All the above strategies and thought processes went out of the window, as we still had to queue! There were about five couples in front of us so the the total wait time was about 40 minutes. Still not as bad, as the weather was mild and we arrived expecting to queue. I assume this will not be the case in summers though and the queues will be much longer as people won’t mind the mild temperatures. Still, I think there must be a better way to manage this judging by its popularity. I hope they would take a leaf or two from the ever popular Burger and Lobster or another Soho favourite – Hoppers – and their queue-ing system where you can put your name down, and they text you when the table is ready. This is a much more sane idea and allows one to enjoy the neighbouring drinking holes which surely is beneficial for neighbouring business overall.
Anyway back to the queue. The most entertaining part of the entire experience is how unsuspecting diners try to get in and some even have the cheek to grab the empty chairs that become available for a nano second, only to be politely pointed to the queue outside! The look of shock and horror of having to join the back of the queue of already ravenous Bao enthusiasts is priceless!
When we were finally summoned by the waitress when our table was ready, it indeed felt like we won a battle and this was our moment of glory!
Bao is quite a small space so service is swift to prevent the diners from lingering too long and keep the queue moving. As soon as we sat down, our waitress thrust the menus in our hands and quickly explained the ordering process. The main dishes are divided into essentially three parts- the Xiao Chi section (meaning snack or small eats), the all important Bao section and the sides.

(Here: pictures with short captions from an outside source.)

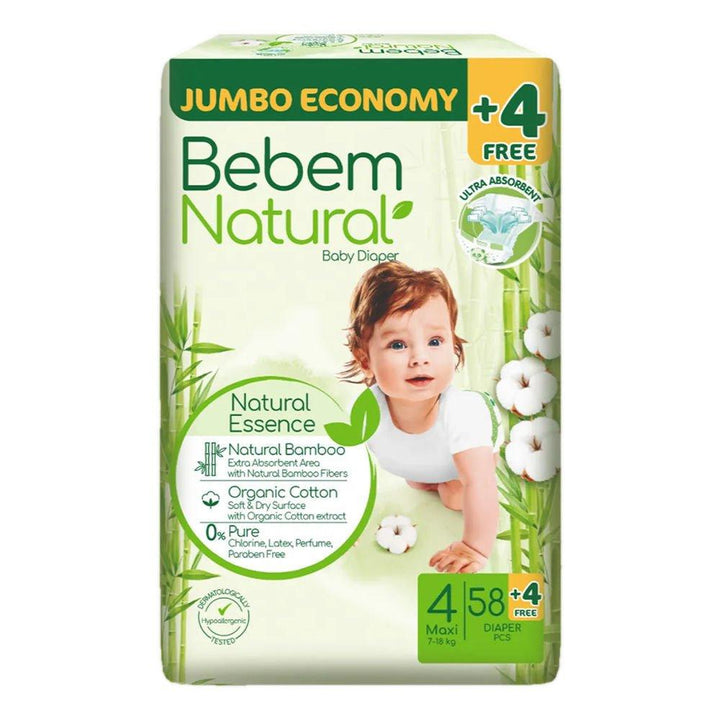 حفاضات بي بم طبيعي مقاس 4 | (58 حفاضة) | Bebem Natural - حفاضات ببيم ناتشورال (Bebem Natural Diapers)
حجم 4 للأطفال (Size 4 for Kids)
حماية طبيعية (Natural Protection)
راحة طوال اليوم (All-Day Comfort)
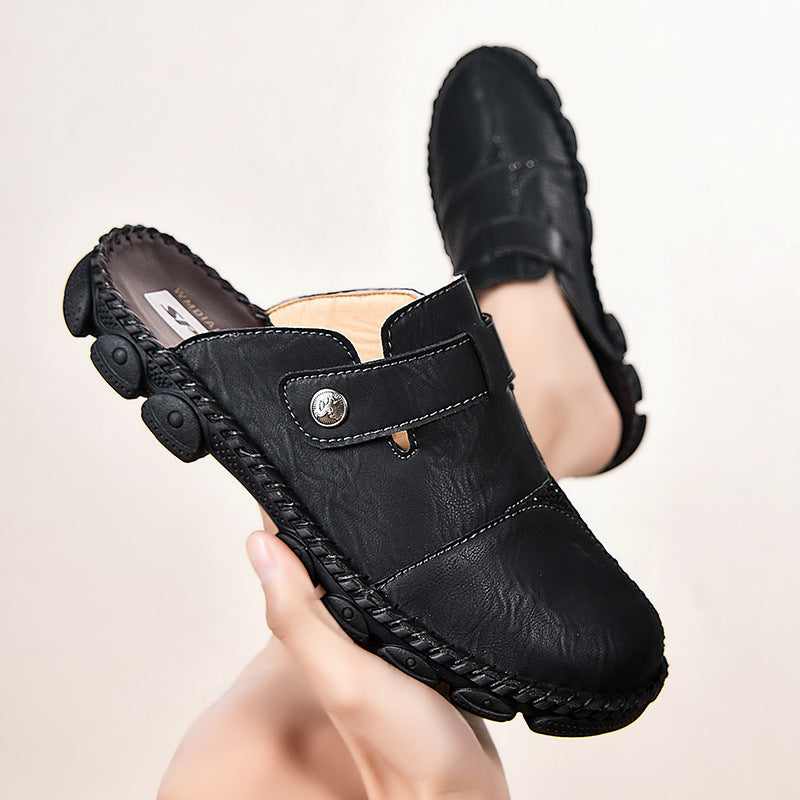 Summer Outdoor Men's Half Slippers Casual Lazybones' Shoes Fashion Handmade Stitching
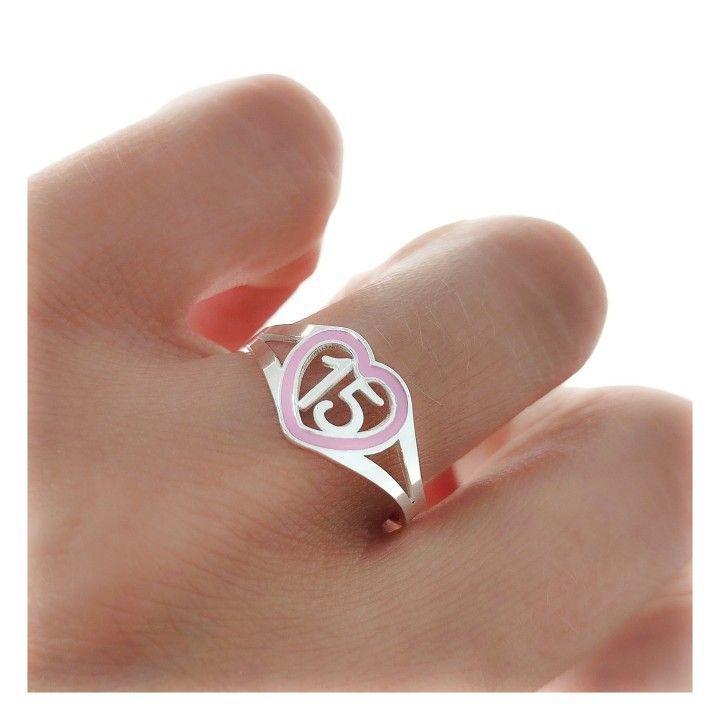 Sortija Plata Corazon # 15 Con Esmalte Rosa - Joyería Ora Madrid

You are advised to order at least three to five items per person and the dishes appear in no particular order.
We immediately got down to business! I ordered the scallop with yellow bean garlic, the guinea fowl chi shiang rice, the confit pork bao and the fried chicken bao.
Husband went for the aubergine and wonton Crisp, the classic bao, and lamb shoulder bao. He also went for the scallop as there is only one piece per portion and sharing would have led to a domestic!
The first to arrive was the aubergine and wonton crisp, which I would describe as the Taiwanese equivalent of baba ganoush! The wonton crisps were great to scoop up the aubergine dip with, and added a crunchy texture to the entire dish. It was indeed very tasty.
Next to arrive were the eagerly anticipated Baos!
My bao had all the right flavours- there was the meaty flavour of confit pork belly accompanied by pork sauces, hot sauce and dried shallots for texture. It was absolutely delicious and everything one would like about crispy pork belly but in a miniature version, enshrined in between the pillowy comfort of the sweet bao buns.
Husband also enjoyed his Classic version which was braised pork with peanut powder, fermented greens and coriander- quite popular amongst the fellow diners. The bao had real depth of flavour and exceeded expectations.
We ordered some Taiwan beer to go with our meal which we felt would suit the overall theme of the evening very well.
Next destination to arrive in our culinary journey were the scallops – drizzled in an awesome smoky sauce, which we were encouraged to slurp directly from the shell. Yumi-licious!
Other baos to follow were my fried chicken and Husband’s lamb shoulder bao. The fried chicken one included soya milk marinated chicken with sichuan mayo, golden kimchi and sesame bao (quite different in looks to the other types of bao seen so far) . It looked like a chicken slider. Delicious, moist with crunchy flavours with the punch of the sauce coming through in good measure.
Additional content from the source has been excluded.